## [PROBLEM TO SOLVE]
Please transcribe exactly the lines from the line holding "Plakton 571025 TURQUESA" through the end of the data below, and skip any pictures.
━━━━━ GIVEN INFORMATION
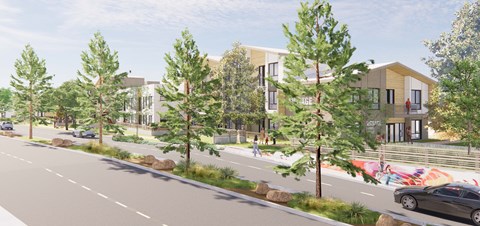 A street view of a residential area with modern houses and trees.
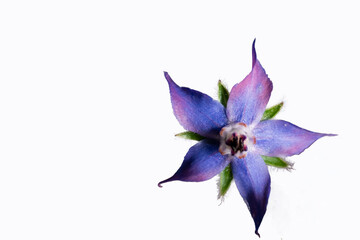 fleur de bourrache bleu sur fond blanc, png, transparent, ressource graphique © Fredstock51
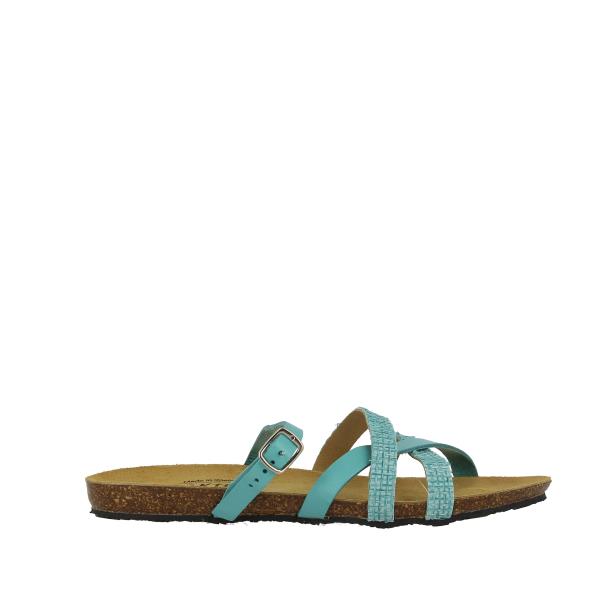 Plakton 571025 TURQUESA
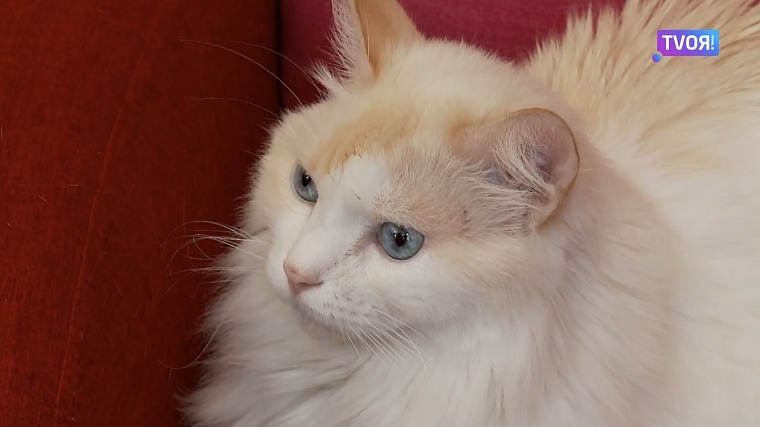 У тюменской пенсионерки живет кот, который любит плавать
━━━━━━━━━━
## [EXPECTED ANSWER]
 Plakton 571025 TURQUESA
 У тюменской пенсионерки живет кот, который любит плавать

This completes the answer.